Chinese Economics Thread

gelgoog

Lieutenant General
Registered Member
The funny part is that this if done 2 decades ago would have spent doom for China but would have also run yahoo for the USA as well. But now if they really did this, not only will China be able to whether the storm with more countries willing to fill the gap (South America and Africa and even other nations in Europe) but this will spell doom for the USA for real as there system can only function due to being able to print money.
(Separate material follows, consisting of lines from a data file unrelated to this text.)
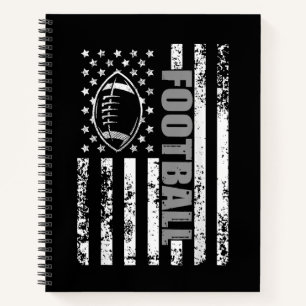 Amerikaans football Patriottisch football Notitieboek
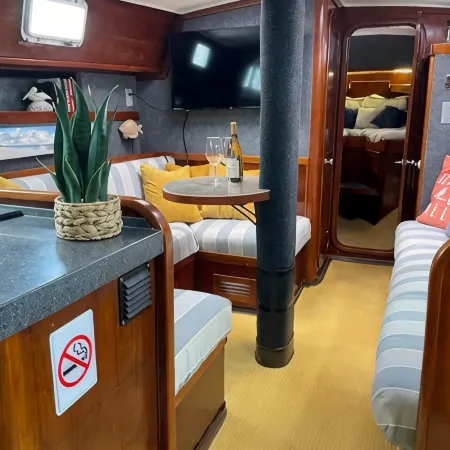 60' Sailing Yacht on a Private Dock
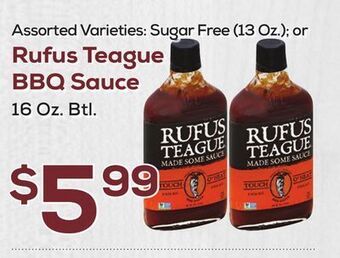 DeCicco & Sons Rufus teague bbq sauce offer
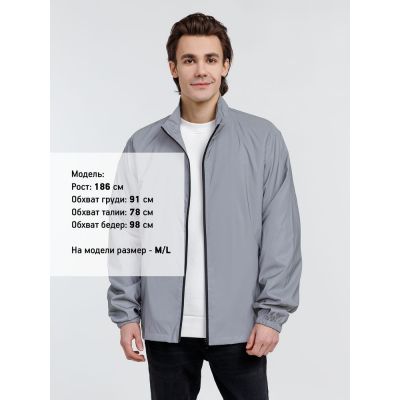 Ветровка Manifest 2.0 из светоотражающей ткани, серая-9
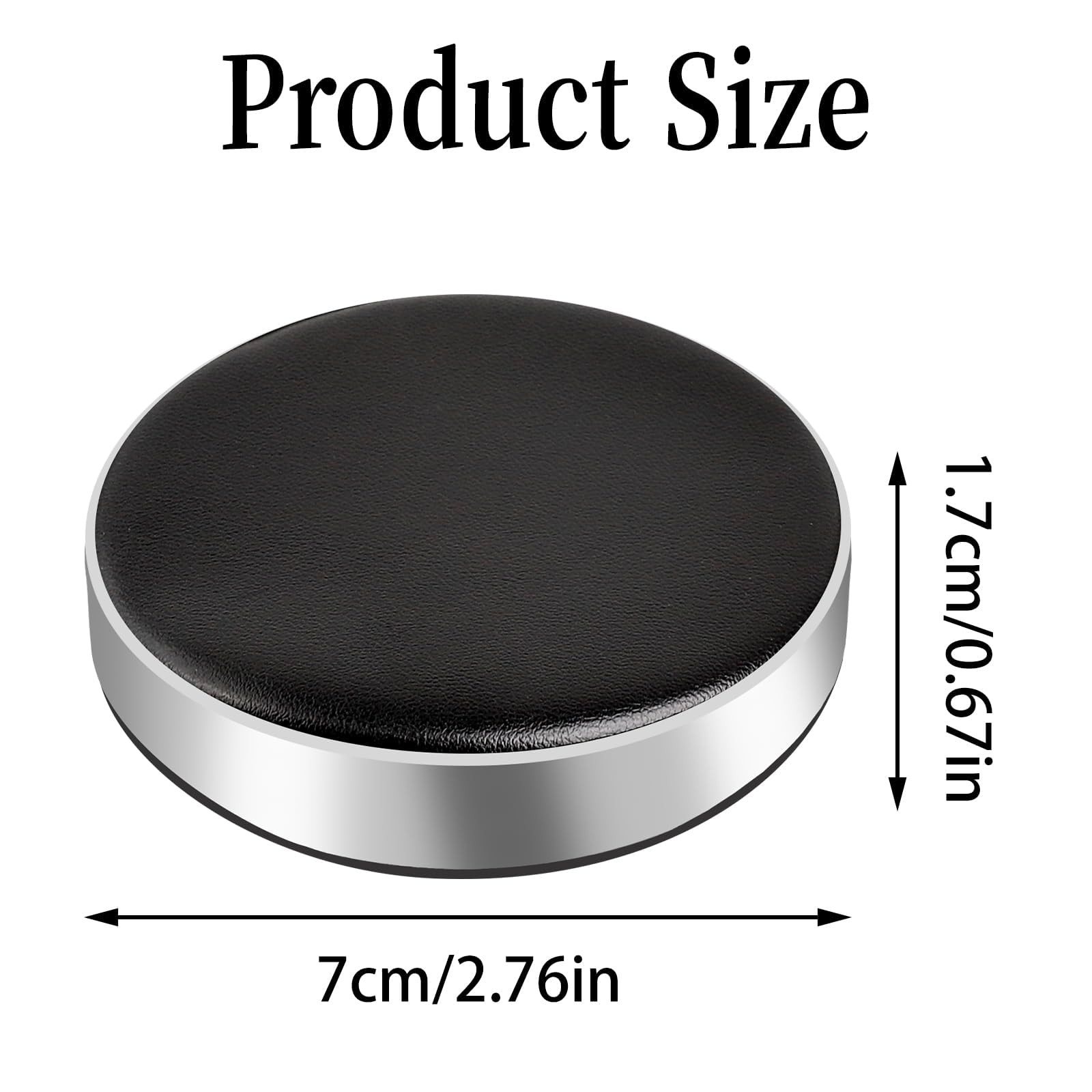 Round Black Leather Watch Cushion Movement Holder Non Slip Repair Tool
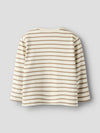 LIL ATELIER MAGLIA A RIGHE TURTLEDOVE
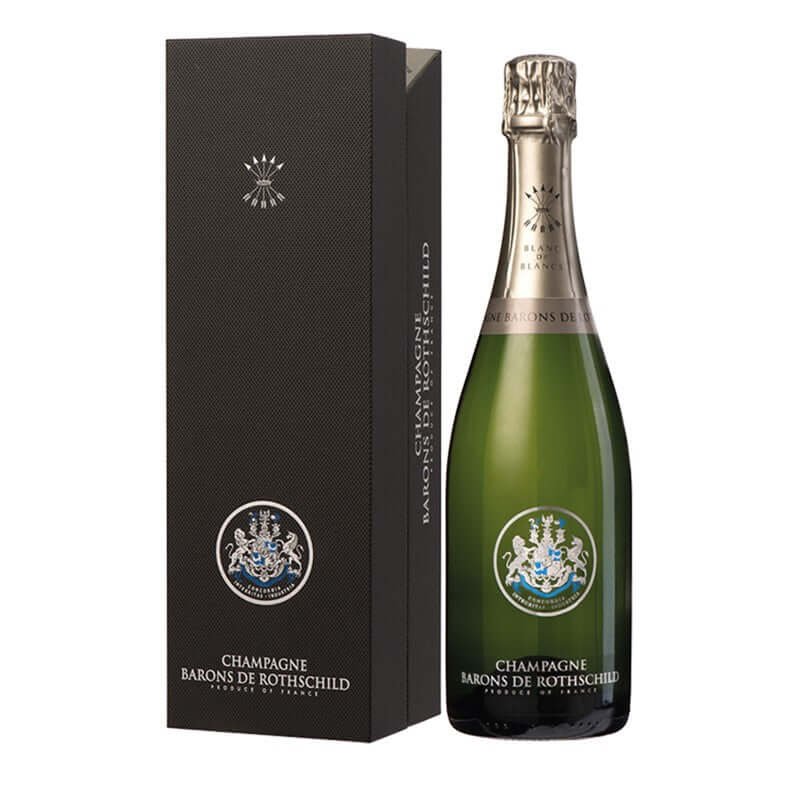 Barons De Rothschild Blanc De Blancs Champagne 2008 with Gift Box - Curated Wines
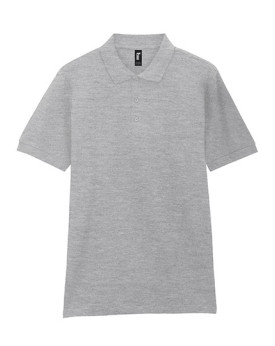 Polo Personnalisé Manche Courte avec liseré Unisexe Duo 223 g/m² (White: 214 g/m²) - Gildan 85800 - Polo Personnalisé avec ma...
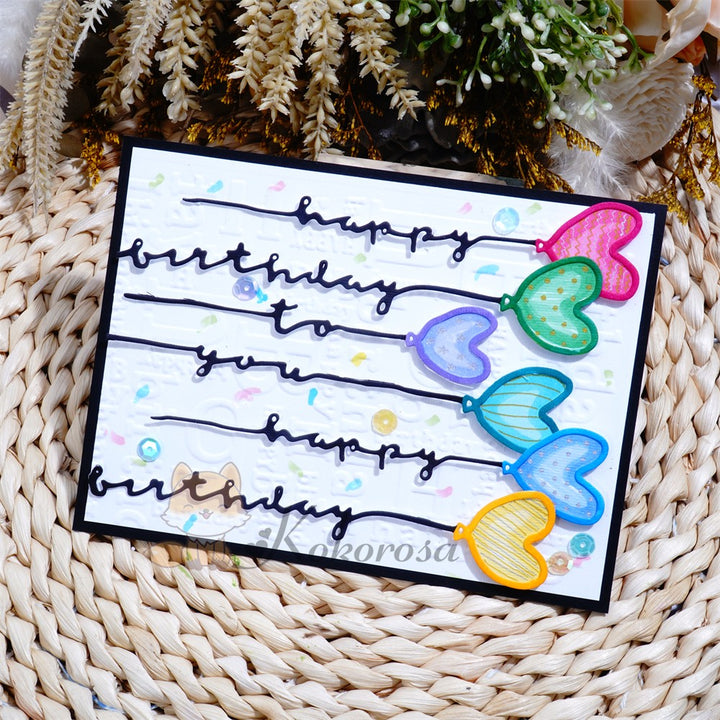 Kokorosa Metal Cutting Dies with "happy birthday to you" Word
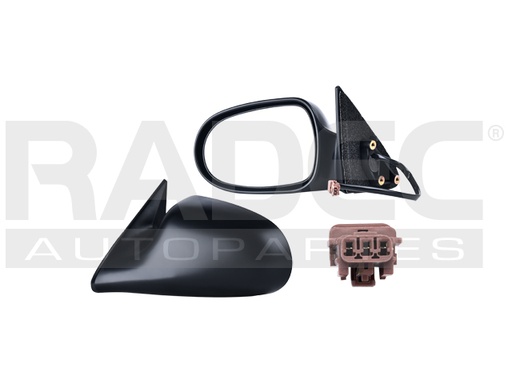 ESPEJO NS SENTRA 96-00 ELECTRICO CORRUGADO 3 PINES SE-R/XE/SE/GXE/BASE L4 4CILINDROS 1.6/2.0L 2/4 PUERTAS IZQ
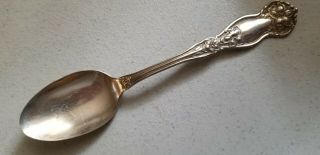 Antique Vintage Collectible Spoon 6 " Wm Rogers &son Silver Plate - Aa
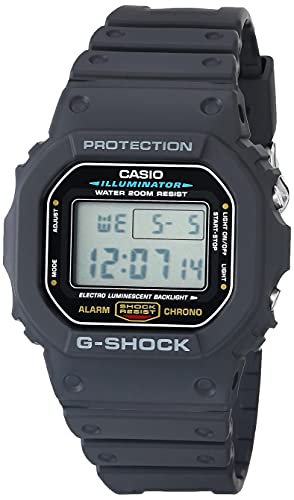 Casio G-Shock Shock Resistant DW5600UE-1V Men's Water Resistant Black Resin Sport Watch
If that was to be taken away and if they lose the chance for future investment (since how are they going to find employment for 50million unemployed) well the USA can’t be saved and it will not be in the best interest for other countries to bother saving them since that will help to open new pathways for there nations instead if they let the USA go down

The power of the US dollar as a medium of exchange comes from the Petrodollar i.e. the fact that oil is priced in USD. That is vigorously enforced by the US Navy basically controlling access to the Persian Gulf and occupying strategic nations in the Persian Gulf.
That is also part of the reason why the US is so insistent on putting one of their own puppets in Venezuela another nation with large oil reserves.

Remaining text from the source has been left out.